You know, there was this doctor in the Modesty Blaise-episodes I used to read as a kid - I believe his name is Giles Pennyfeather - who embodied this. Well, sort of. Pennyfeather is British and sort of fumbling and innocent when it comes to the sort of business Modesty is usually involved in, but very good at what he does. The doctor eventually ends up as one of Modesty's (numerous, I believe) lovers, and at the time this appeared a bit strange. It seemed to me that a dream-come-true woman like Modesty would sooner go for special friend and soulmate Willie Garvin, who did high-flying dropkicks and could throw just about anything and hit, rather than the mellow Dr. Pennyfeather.

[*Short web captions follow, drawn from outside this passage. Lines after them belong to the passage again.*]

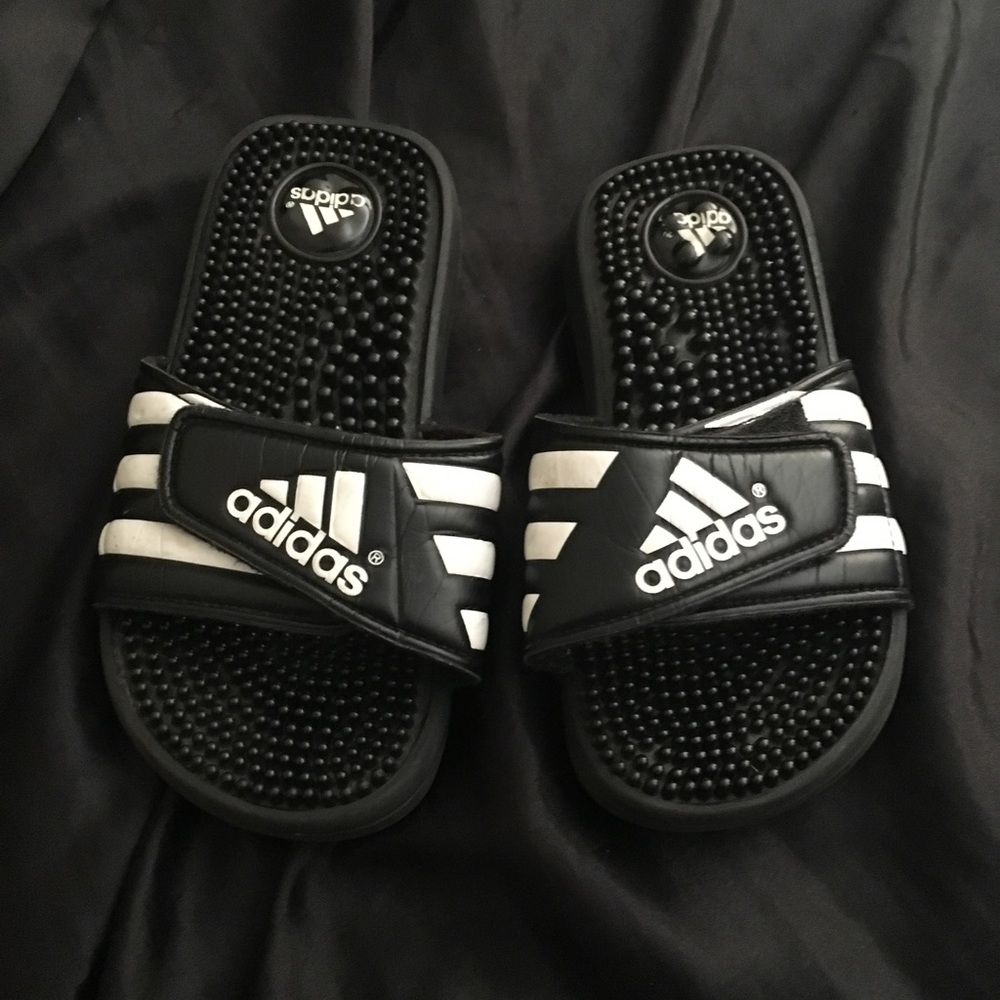 Kids adidas slides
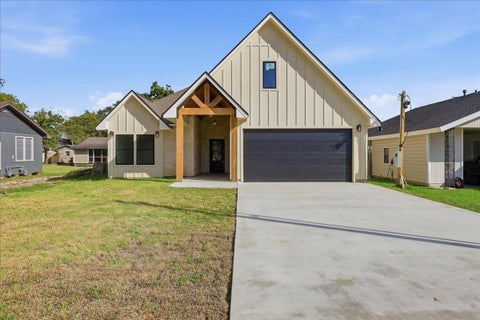 Photo of 2214 Armstrong Ave, Port Neches, TX 77651 (MLS # 271374)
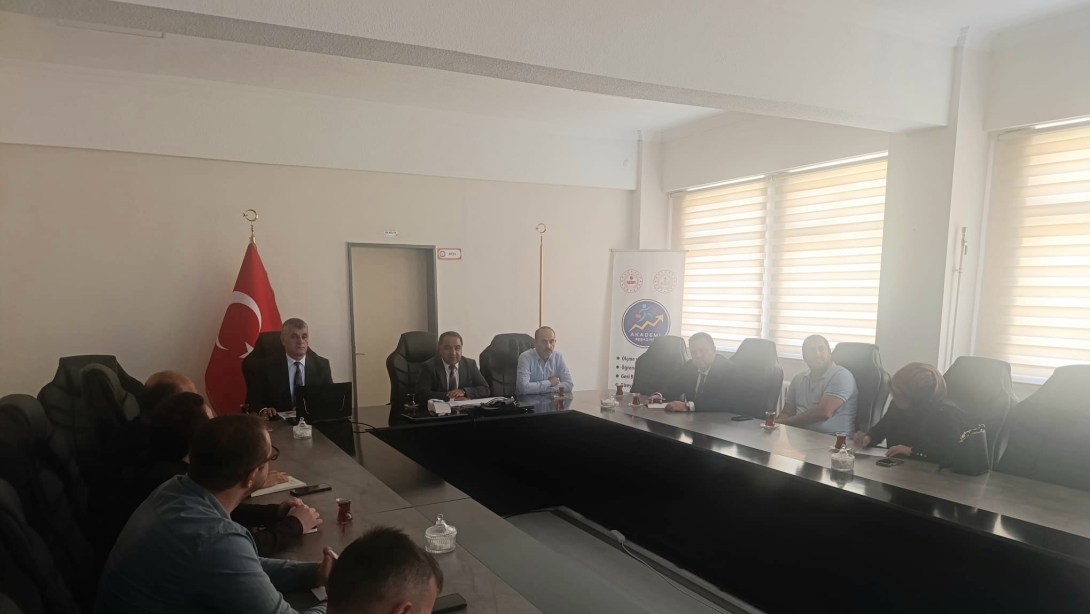 Reşadiye ve Niksar İlçesi İlkokul Müdürleriyle Ölçme Değerlendirme Süreçleri Bilgilendirme Toplantısı Yapıldı.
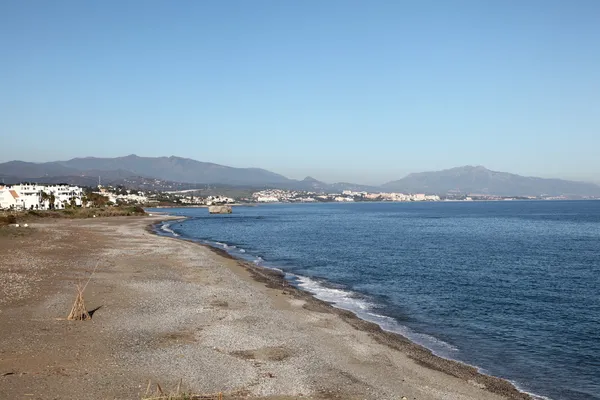 Costa del sol beach in de buurt van estepona, Andalusië, Spanje — Stockfoto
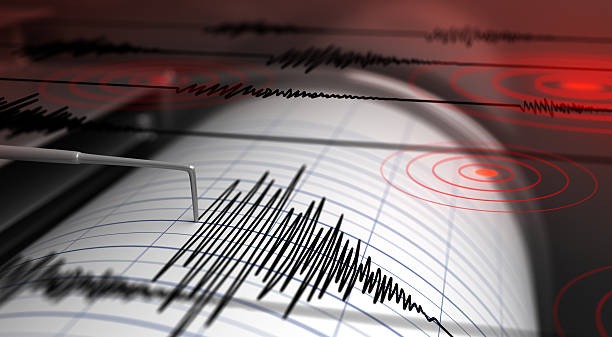 Sismo de magnitud 4.3 sacudió el centro de Perú este #31Ene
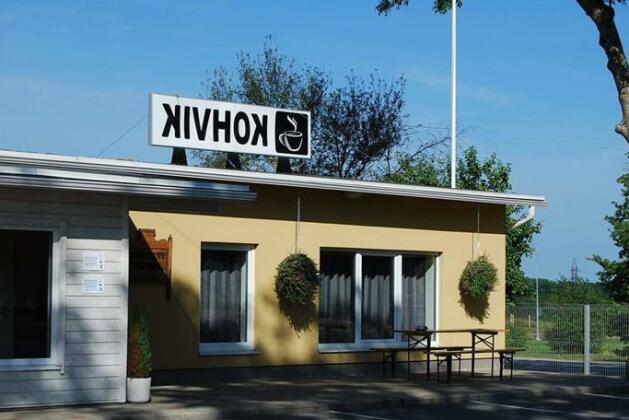 Tristvere Guesthouse-Cafe - Photo2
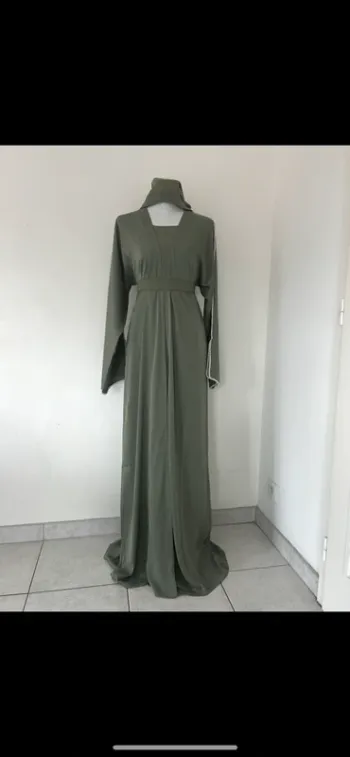 Ensemble kimono 4 pièces Dubaï neuf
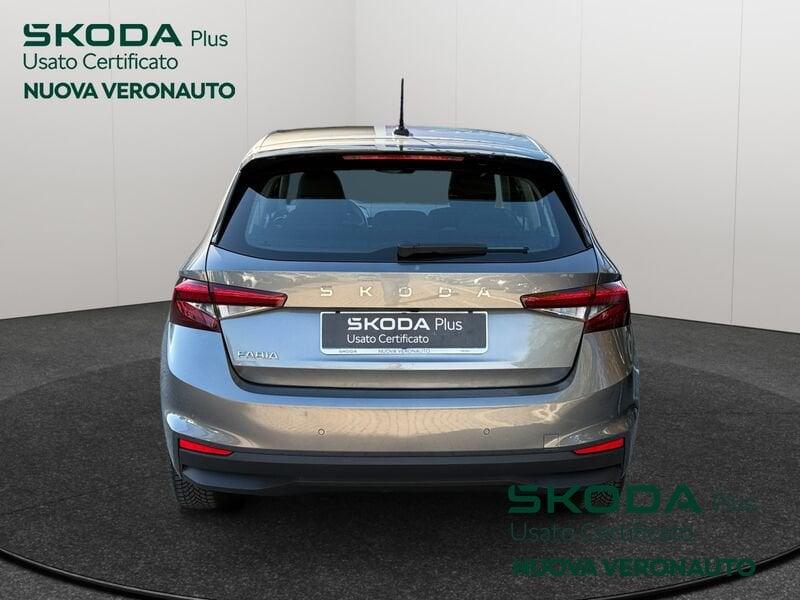 Škoda Fabia Young Edition 1.0 TSI 95 CV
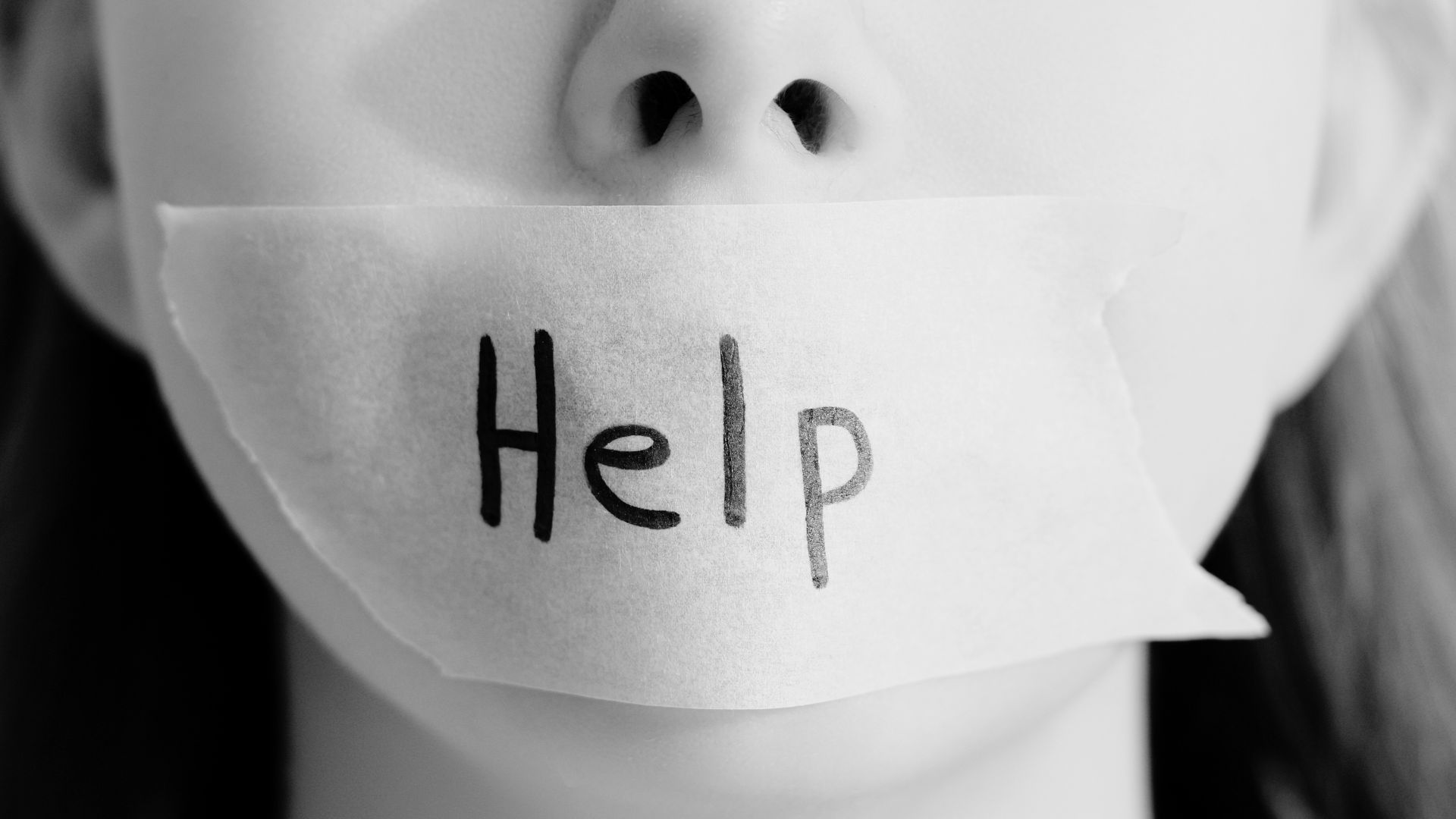 Trauma seksualna – jej wpływ na psychikę, ciało i relacje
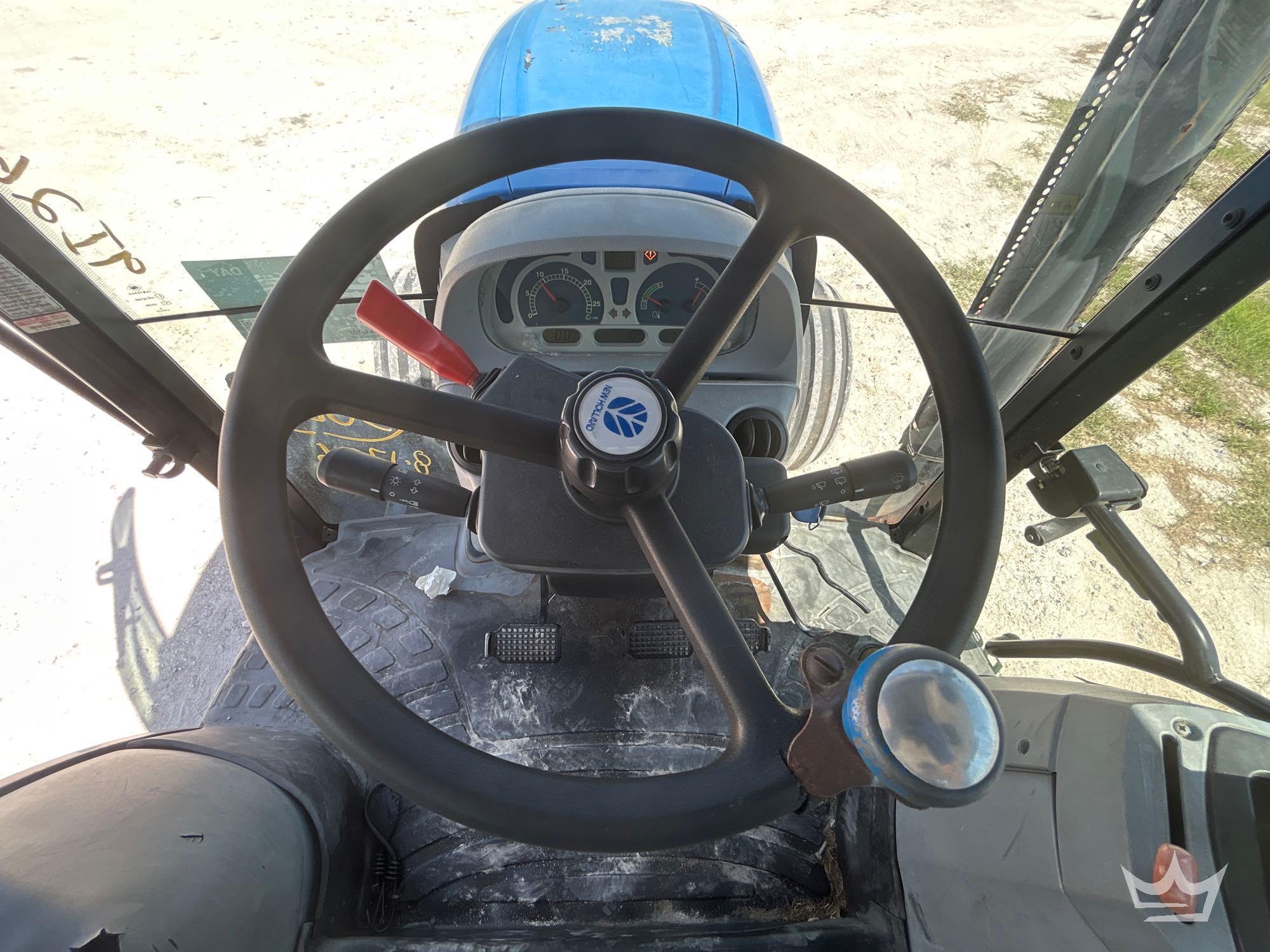 2009 New Holland T6030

Of course, in retrospect, that doctor was just about the epitome of the saviour: the hard-working, skilled man standing at the border between life and death with blood on his hands, keeping people from falling down. The catcher in the rye. Of course a woman like Modesty would go for a man like that. Still though, I was a young boy. I imagined myself as Willie Garvin every time. I'm not even sure getting down and dirty with Modesty had entered the picture yet.
Those were the days.

Anyway. So there we were toasting away, and Susanne joined in, got about as stimulated as the rest of us and told us a bit both about her experiences as a gynecologist and her own sex life during the course of the night. I can do nothing but salute her, and admit first impressions were wrong.

The palmtrees sway lazily along the beach, and Erik's nose has picked up a tinge of red. Radiation from our nearest star hits hard at these latitudes. I lean back in my chair, breathe in, and stretch my limbs, staring into the heavens.
What a gem of a planet. What charm did we ever possess, what art did we ever utilize, I wonder, to deserve Earth.